Light, sweet crude for May delivery slipped US$0.22 to settle at US$63.63 per barrel on the New York Mercantile Exchange. Brent crude for May delivery rose US$0.25 to US$68.97 on the ICE Futures exchange in London.
Citigroup Global Markets energy analyst Tim Evans also said some small restarts upcoming at US refineries should aid gasoline supplies, which plunged last week amid strong demand.
Problems at US refineries had helped to stoke prices the prior day, when crude jumped US$1.84 per barrel.
Total US gasoline stockpiles sank by 5.5 million barrels last week to 199.7 million barrels, the US Energy Information Administration reported on Wednesday.
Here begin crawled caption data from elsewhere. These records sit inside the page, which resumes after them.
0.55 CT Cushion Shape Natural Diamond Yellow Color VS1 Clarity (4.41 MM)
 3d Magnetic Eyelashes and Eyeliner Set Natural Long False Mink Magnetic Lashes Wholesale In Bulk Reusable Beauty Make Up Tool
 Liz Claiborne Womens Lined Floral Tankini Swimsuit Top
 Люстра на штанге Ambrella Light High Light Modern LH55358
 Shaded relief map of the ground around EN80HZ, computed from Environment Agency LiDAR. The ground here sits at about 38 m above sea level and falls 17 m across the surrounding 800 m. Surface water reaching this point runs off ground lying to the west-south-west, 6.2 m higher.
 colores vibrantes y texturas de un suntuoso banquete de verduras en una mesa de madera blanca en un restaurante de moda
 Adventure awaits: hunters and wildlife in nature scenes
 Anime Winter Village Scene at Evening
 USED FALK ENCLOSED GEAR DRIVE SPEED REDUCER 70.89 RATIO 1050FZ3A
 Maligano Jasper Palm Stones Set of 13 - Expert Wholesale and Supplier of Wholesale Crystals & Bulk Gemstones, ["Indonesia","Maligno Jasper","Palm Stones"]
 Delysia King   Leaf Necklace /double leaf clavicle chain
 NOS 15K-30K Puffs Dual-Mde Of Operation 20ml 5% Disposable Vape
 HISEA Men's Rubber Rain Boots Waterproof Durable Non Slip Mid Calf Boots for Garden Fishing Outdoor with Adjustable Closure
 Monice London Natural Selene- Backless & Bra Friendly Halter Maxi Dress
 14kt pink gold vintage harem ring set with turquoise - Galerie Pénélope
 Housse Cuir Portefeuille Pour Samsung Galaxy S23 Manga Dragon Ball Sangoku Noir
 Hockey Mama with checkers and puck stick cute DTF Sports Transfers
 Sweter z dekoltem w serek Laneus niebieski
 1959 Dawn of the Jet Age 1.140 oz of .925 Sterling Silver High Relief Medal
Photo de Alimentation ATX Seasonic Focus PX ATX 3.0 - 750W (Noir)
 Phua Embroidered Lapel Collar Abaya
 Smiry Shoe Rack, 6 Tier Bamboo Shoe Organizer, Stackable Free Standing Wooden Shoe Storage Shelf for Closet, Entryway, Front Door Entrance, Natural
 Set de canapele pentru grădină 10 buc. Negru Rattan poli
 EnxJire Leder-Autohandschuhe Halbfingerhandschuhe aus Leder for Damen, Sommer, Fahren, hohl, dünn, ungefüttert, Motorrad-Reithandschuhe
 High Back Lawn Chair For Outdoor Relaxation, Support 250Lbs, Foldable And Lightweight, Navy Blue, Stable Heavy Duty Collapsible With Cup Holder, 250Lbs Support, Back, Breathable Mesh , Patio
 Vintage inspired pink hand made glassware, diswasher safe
Analysts had expected a 1.3 million barrel decline, according to a survey by Dow Jones Newswires.
"There is just no room for unscheduled downtime here," Cameron Hanover's Peter Beutel wrote in a research note. "The US is deeply dependent upon every, single refining unit on our soil -- and on a number of refineries abroad."
Gasoline futures slipped 1.21 cents to US$2.1797 per gallon on the NYMEX.
At the pump, a gallon of unleaded costs an average of US$2.819 per gallon (3.79 liters) across the US, according to AAA and Oil Price Information Service.
That was up from US$2.545 a month ago and US$2.717 a year ago.
On Thursday, also helping to boost crude prices was the International Energy Agency saying output by OPEC had slid to its lowest level in more than two years on production outages and self-imposed cuts.
Geopolitics also remained a factor, shoring up sentiment after oil and gas-rich Algeria was rocked by bomb attacks on Thursday, fueling worries about the oil producer's control over an Islamic insurgency.
"What is there about this environment that could possibly produce a conclusion that prices are coming down?" Fimat USA analyst John Kilduff asked.
Oil prices have been volatile the last couple of weeks, gaining nearly US$5 a barrel after Iran detained 15 British sailors and marines, dropping on their release last Thursday, and then sliding almost US$3 on Monday on expectations of oversupply at a key North American delivery point before slowly recovering somewhat.